From: Alexei Starovoitov
Date: Thu Dec 14 2017 - 22:16:55 EST


On 12/14/17 12:49 PM, Peter Zijlstra wrote:
On Thu, Dec 14, 2017 at 12:20:41PM -0800, Teng Qin wrote:
This set of commits attempts to improve three scheduler related
Tracepoints: sched_switch, sched_process_fork, sched_process_exit.

Firstly, these commit add additional flag values, namely preempt,
clone_flags and group_dead to these Tracepoints, to make information
exposed via the Tracepoints more useful and complete.

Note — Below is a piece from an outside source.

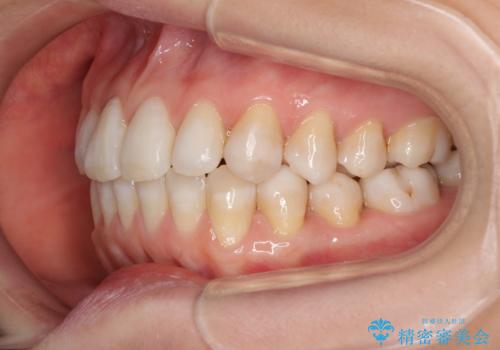 話しにくいオープンバイト インビザラインによる矯正治療の治療後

Secondly, these commits exposes task_struct pointers in these
Tracepoints. The task_struct pointers are arguments of the Tracepoints
and currently only used to compute struct field values. But for BPF
programs attached to these Tracepoints, we may want to read additional
task information via the task_struct pointers. This is currently either
impossible, or we have to make assumption of whether the Tracepoint is
running from previous / parent or next / child, and use current pointer
instead. Exposing the task_struct pointers explicitly makes such use
case easier and more reliable.


NAK

not sure what is the concern here.
Is it first or second part of the above ?
preempt and group_dead are bool and clone_flags has uapi defined
flags, so no kernel internals being exposed.
Two task_struct pointers are unusable outside of bpf progs.
There are plenty of other tracepoints that store pointers to
kernel structs and bpf progs are looking into them.
So nothing new being exposed here as well.

Note that TP_printk() kept unchanged, so typical user tracing
that parses trace_pipe won't see any difference.
Apps that use binary apis are using libs like libtracecmd and also fine.